══ Dataset extract
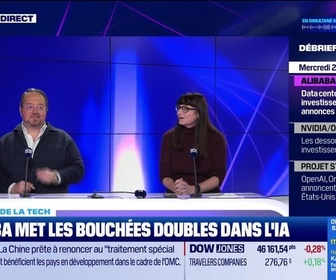 Replay Tech & Co, la quotidienne - Alibaba met les bouchées doubles dans l'IA - 24/09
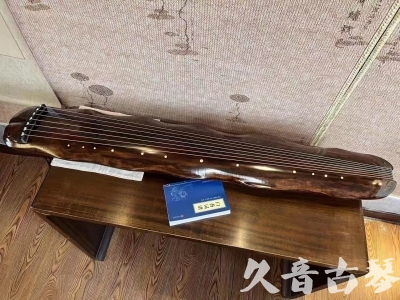 运城市●久音古琴  ●今日推荐 20230830 【冰丝断纹蕉叶】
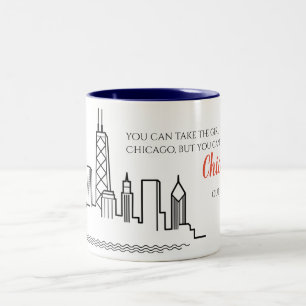 Tasse de citation d'horizon de Chicago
════
» **Task prompt**
Everything in the data above gets copied exactly. Only the pictures are skipped.

» **Solution**
 Replay Tech & Co, la quotidienne - Alibaba met les bouchées doubles dans l'IA - 24/09
 运城市●久音古琴  ●今日推荐 20230830 【冰丝断纹蕉叶】
 Tasse de citation d'horizon de Chicago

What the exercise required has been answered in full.